5. New IRA Rollover Limit Starting in 2015
This one’s a tax change for 2015 — it won’t affect your 2014 return, but will affect your savings next year. Starting Jan. 1, 2015 you can only make one rollover from an IRA to another IRA in a 12-month period. A rollover is described as withdrawing the funds from one IRA, holding them for less than 60 days and then depositing them into another IRA account.
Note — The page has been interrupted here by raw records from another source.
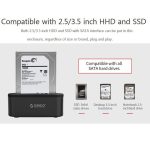 ORICO USB 3.0 Typ-B auf SATA Externes Speicherfestplatten-Dock für 2,5 Zoll/3,5 Zoll SATA HDD/SSD (EU-Stecker) – Bild 5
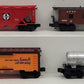 Lionel O Gauge Assorted Freight Cars: #9321, #9322, #9323, #9880 [4] LN/Box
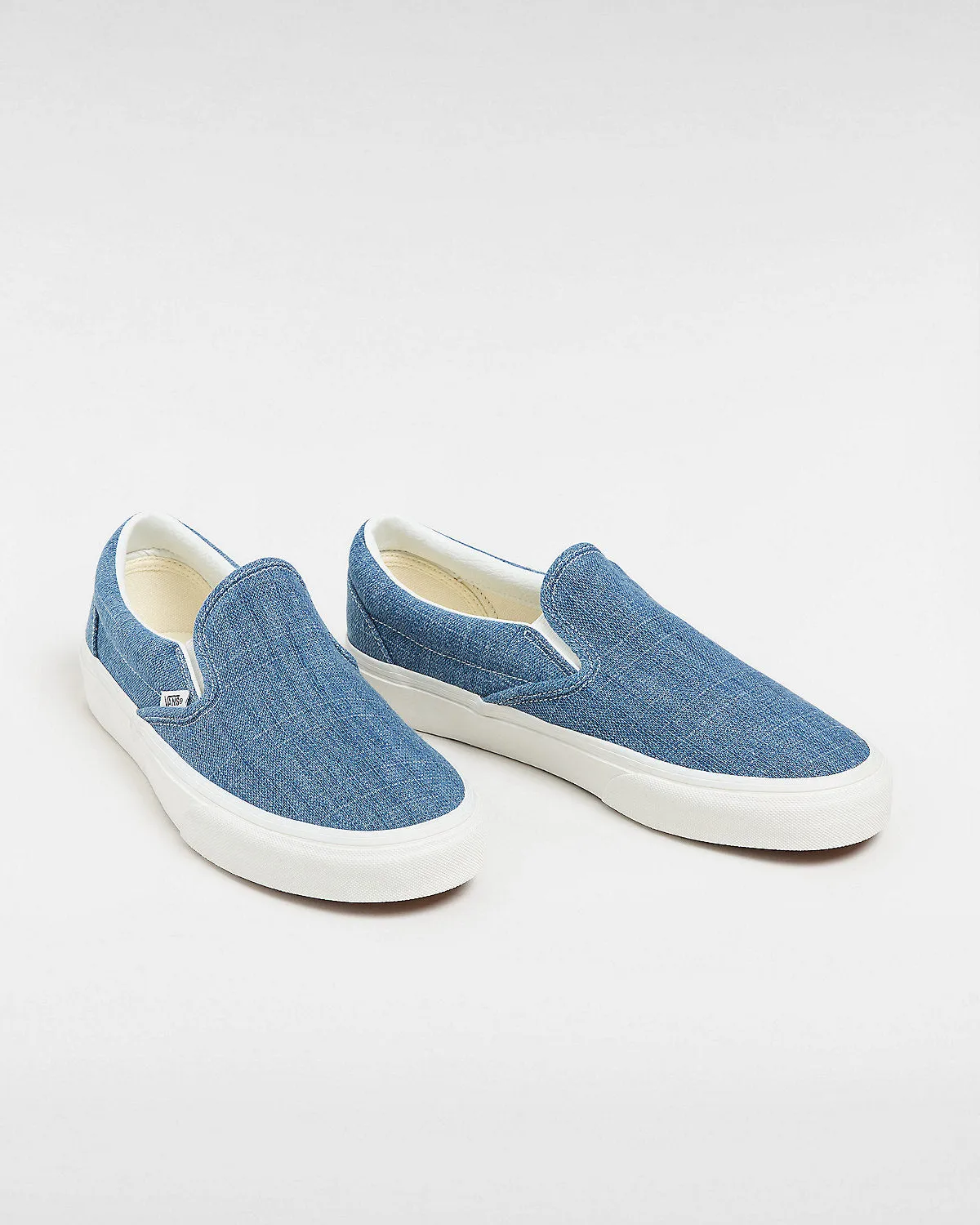 VANS Unisex Classic Slip-On Threaded Denim Trainers - Blue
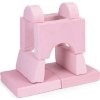 Modulární skládací křeslo pro děti růžové
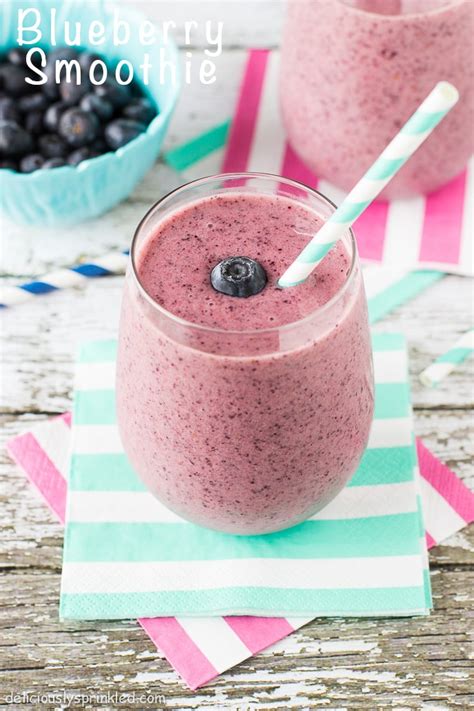 Blueberry Smoothie – Deliciously Sprinkled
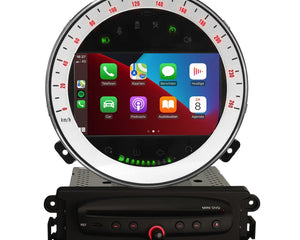 Collection image for: Mini Cooper 3 deurs 2008 t/m 2013 Autoradio met CarPlay & Android Auto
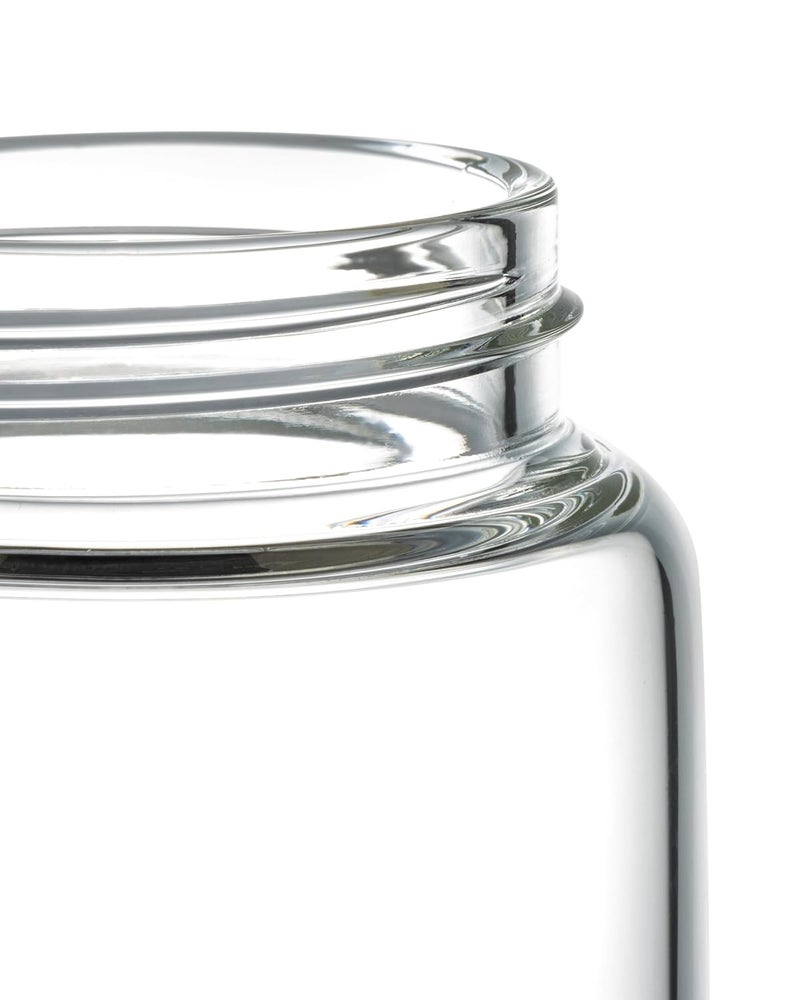 DUBBLIN Borosilicate Glass Jar with Airtight Wooden Lid, 250ml Transparent Kitchen Storage Container, 1 Piece, For Storing and Preserving Tea, Coffee, Snacks | Multipurpose Container for Kitchen - Image 5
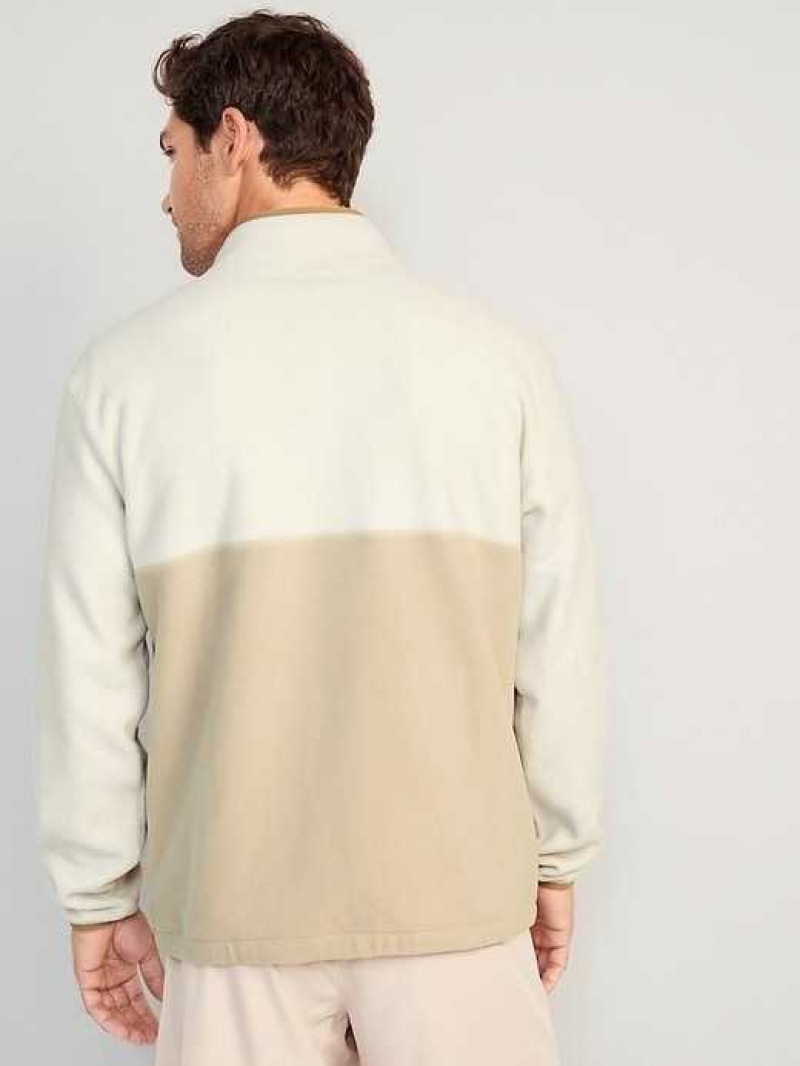 Old Navy Oversized Micro-Fleece Zip Jacket Beige | URM706513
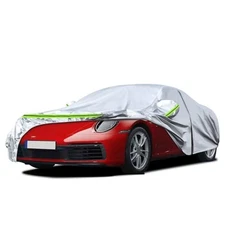 For Porsche 911 (1998-2025) Waterproof Car Cover 6 Layers All Weather with Zippe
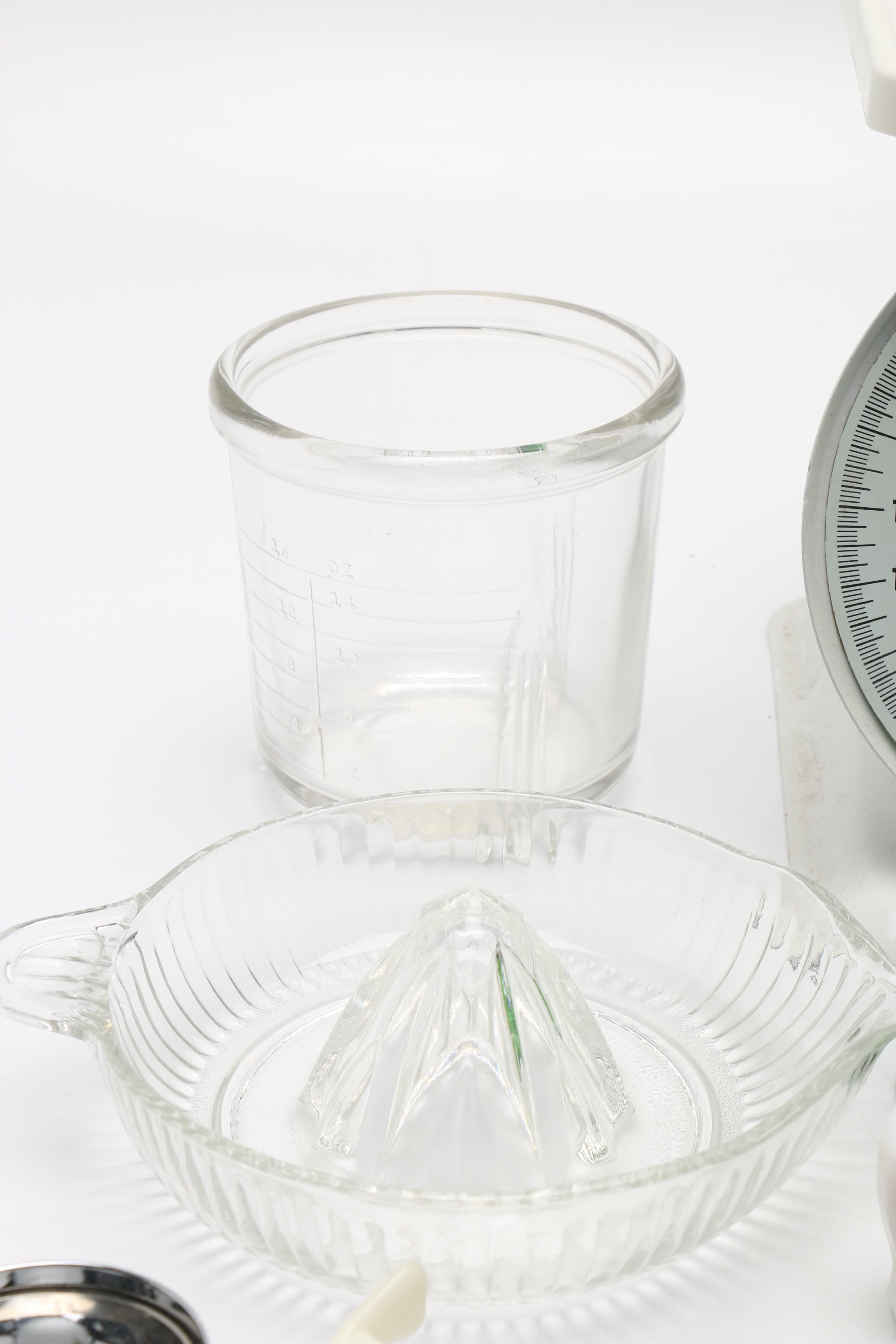 Vintage Hamilton Beach Milkshake Mixer and Kitchen Accessories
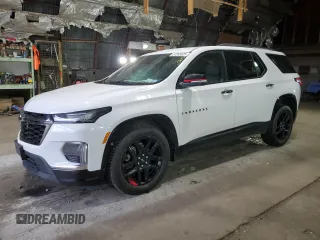 2022 Chevrolet Traverse Premier with VIN 1GNEVKKW7NJ183927, listed as a Copart auction lot 57265825 with 54,472 mi miles and Salvage title. Bid and sale history available at DreamBid. Image 1.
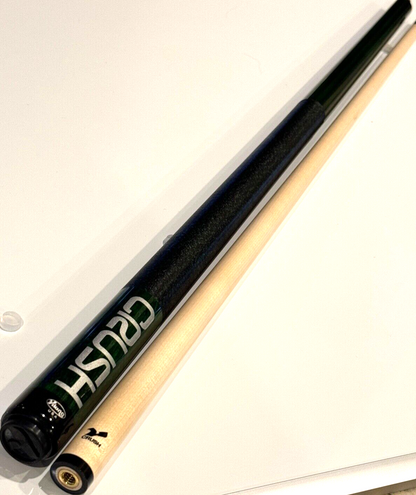 VIKING GREEN CRUSH BREAK CUE V CRUSH SHAFT LINEN NEW SHIPS FREE N FREE CASE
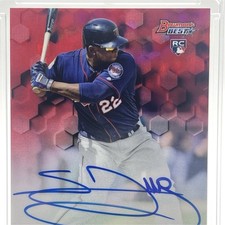 2016 Bowman’s Best Miguel Sano Auto Red Refractor /5 RC Twins BS16-MS picture
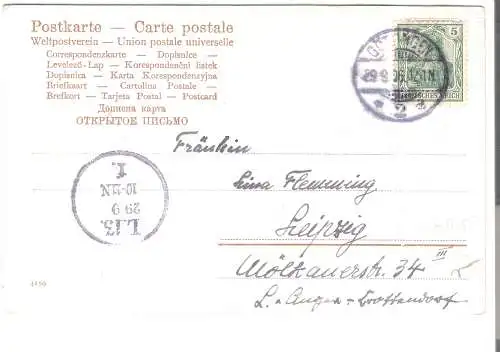 Abenddämmerung am Fluss     - von 1926 (AK6495)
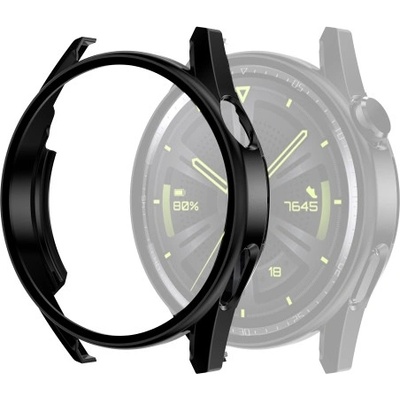 VSETKONAMOBIL Plastový kryt s ochranným sklom pre Huawei Watch GT 3 46mm čierny 38429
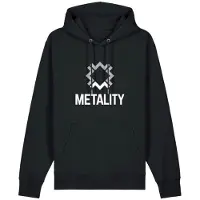 Metality Sweat-shirt à capuche de - Herren Hoodie - M - 5XL - pour Homme - noir - Taille 5XL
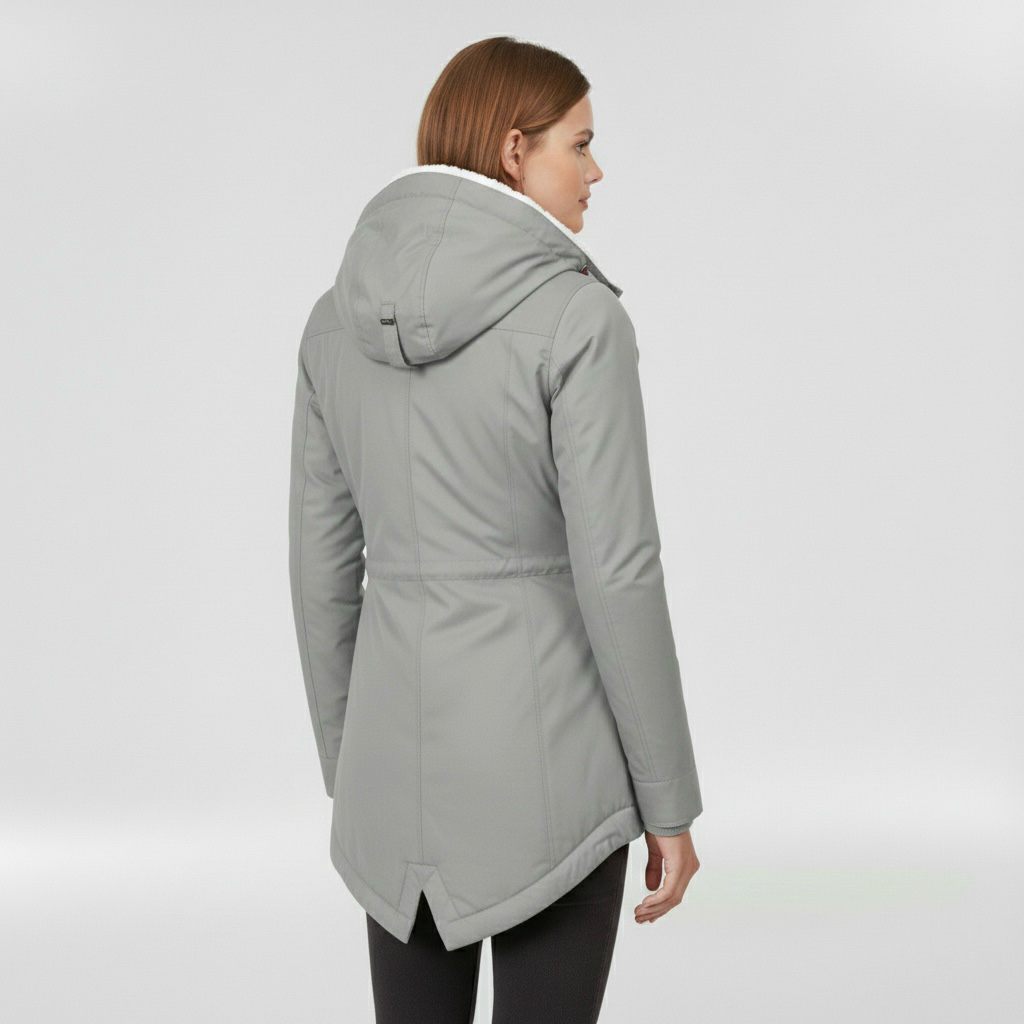 Parka invernale da donna con cappuccio per uso quotidiano e all'aperto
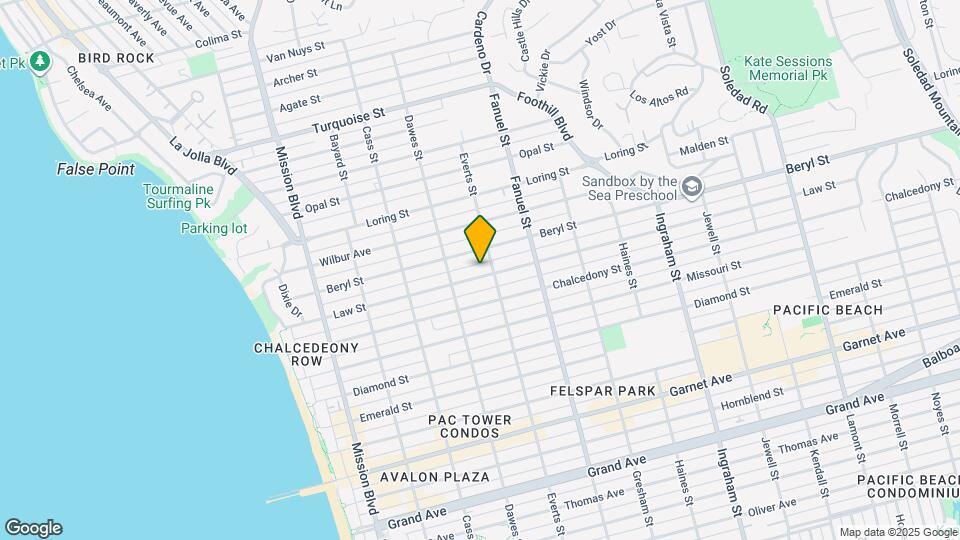 1162 Law St Map and Location Details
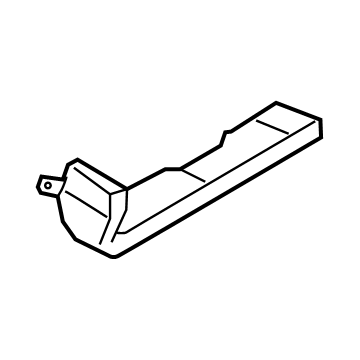 BMW 64227394163 AIR DUCT, B-PILLAR, OUTER LE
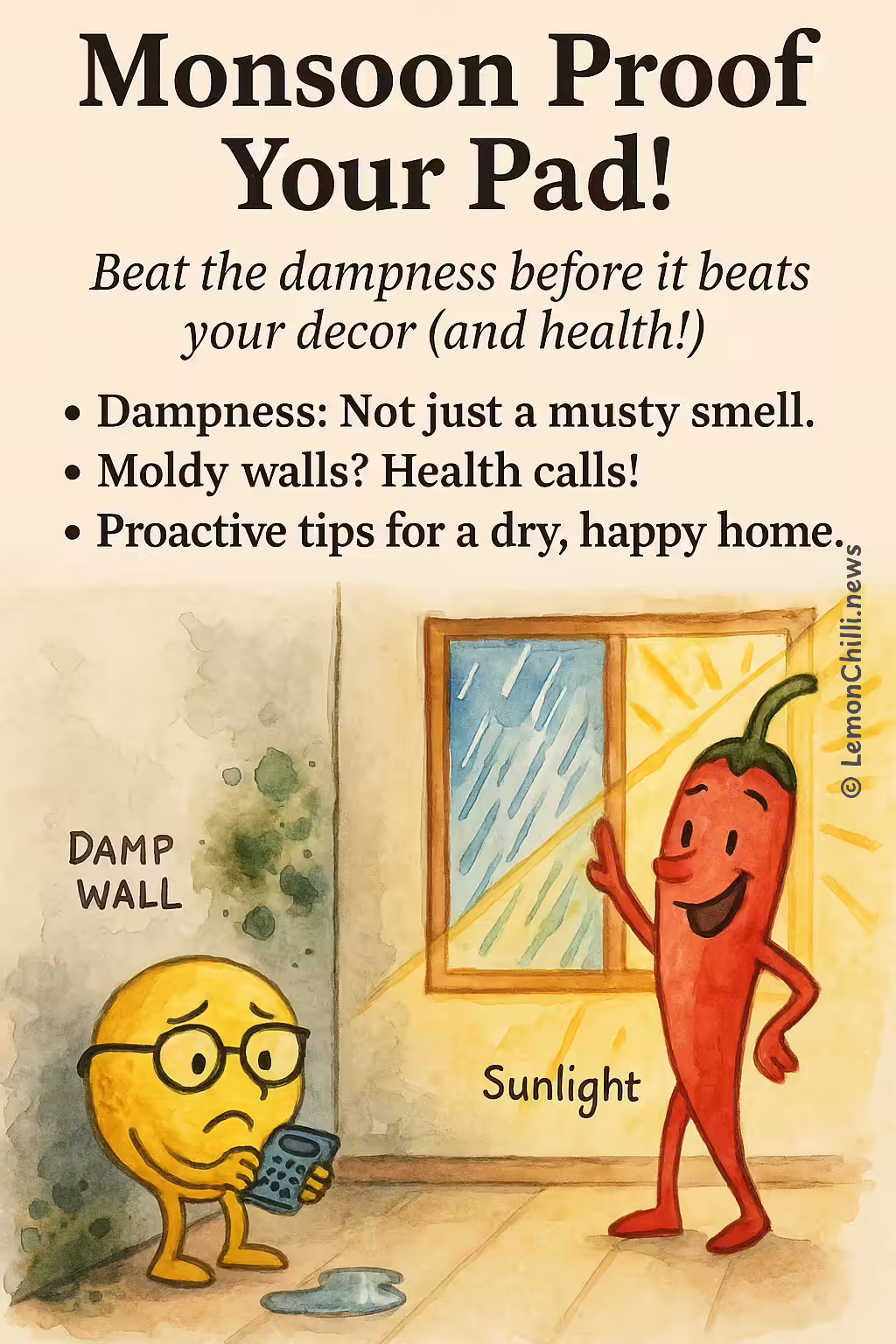 Monsoon Proof Your Pad!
Taxpayers can still make as many trustee-to-trustee transfers as they like over the course of a year. (That means you can tell Bank “A” to send your IRA funds to Bank “B” — the money is never actually withdrawn and in your possession.) If you roll over more than one IRA, the withdrawals after the first will be taxed to you at regular rates, plus potentially a 10 percent early withdrawal tax. In addition, the disallowed rollover will be subject to the regular IRA contribution limits. If the rolled over amount exceeds your allowable IRA contribution, it will be treated as an excess contribution and subject to a 6 percent excise tax. The takeaway: Withdraw IRA funds with great care and attention in 2015 and going forward.
Tax law changes occur every month, sometimes every day. It could be that Congress makes the changes, the IRS issues big new regulations, revenue procedures or revenue rulings or the tax courts make big changes. Sometimes the U S Supreme Court weighs in. It’s a lot to keep up with, and that’s assuming you don’t have any other business or job.
If you’ve got a business or real estate investments, this is the year you don’t want to try to do it yourself. There are a lot of changes that have the most experienced CPAs caught off guard. If you make a mistake, the penalties can be huge.